RS Aggarwal Solutions Class 10 Ex 3B

Question 1: On a graph paper, draw a horizontal line X’OX and a vertical line YoY’ as the x-axis and the y-axis respectively.

2x – 3y – 17 = 0, 4x + y – 13 =0

Solution:

Given equations are 2x – 3y – 17 = 0 and 4x + y – 13 =0

Graph of 2x – 3y – 17 = 0:

2x – 3y – 17 = 0 \( \Rightarrow y = \frac{2x – 17}{3} \)

Putting x = 1, we get y = -5

Putting x = 4, we get y = -3

Putting x = 7, we get y = -1

Hence, the table is,

x 1 4 7
y -5 -3 -1

Plot the points A(1, -5), B(4, -3) and C(7, -1) on the graph paper. Join AB and BC to get the graph line AC. Extend it both ways.

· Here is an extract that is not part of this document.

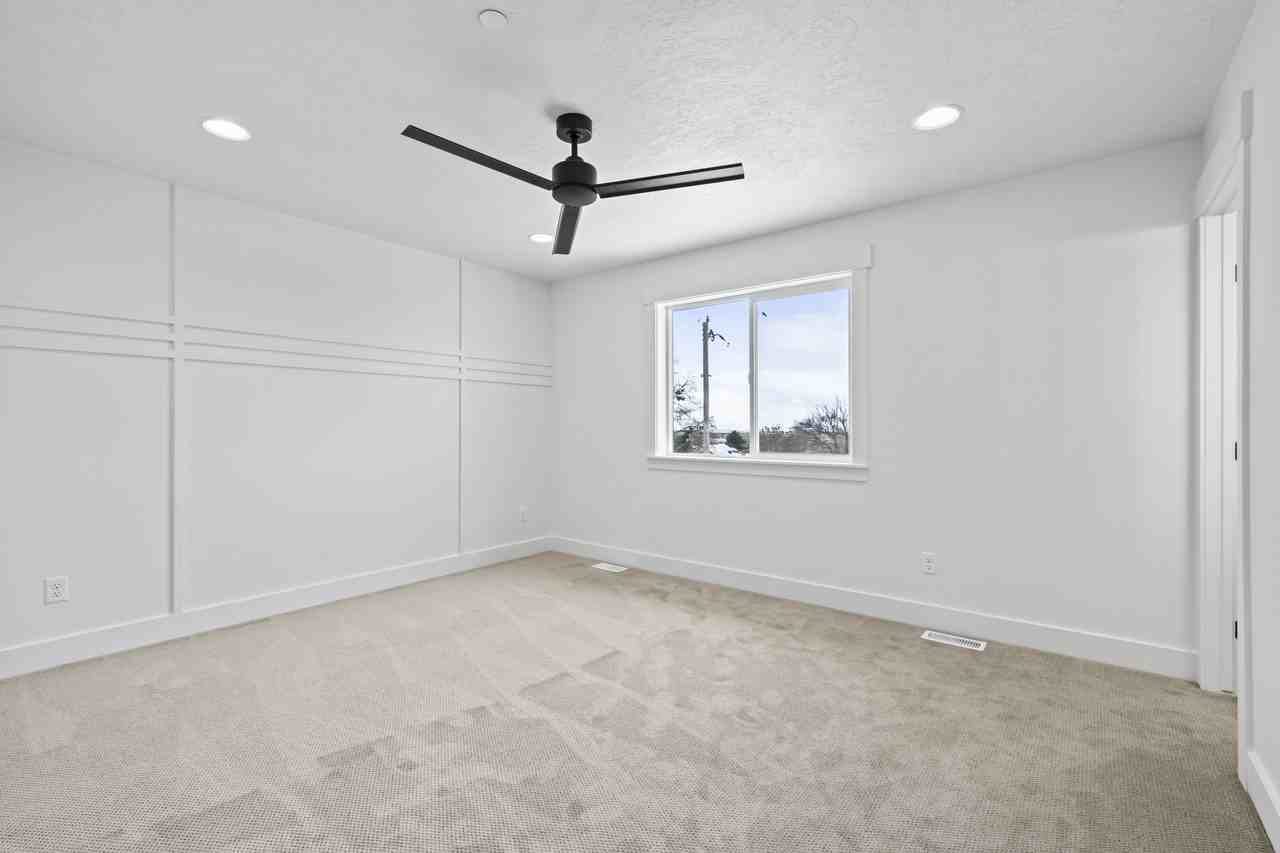 2218 Sw #D - Photo 5 of 14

Thus, line AC is the graph of 2x – 3y – 17 = 0.

Graph of 4x + y – 13 =0 :

4x + y – 13 =0 \( \Rightarrow y = -4x + 13 \)

Putting x = 4, we get y = -3

Putting x = 2, we get y = 5

Putting x = 3, we get y = 1

Hence, the table is,

x 4 2 3
y -3 5 1

Now, on the same graph paper as above plot the points P(2, 5) and Q(3, 1). The point B(4, -3) has already been plotted. Join PQ and QB to get PB. The line PB is the graph of the equation 4x + y – 13 =0 is the solution of the given system of equations.

These graph lines intersect the x-axis at R and S. the region bounded by these lines and the x-axis has been shaded.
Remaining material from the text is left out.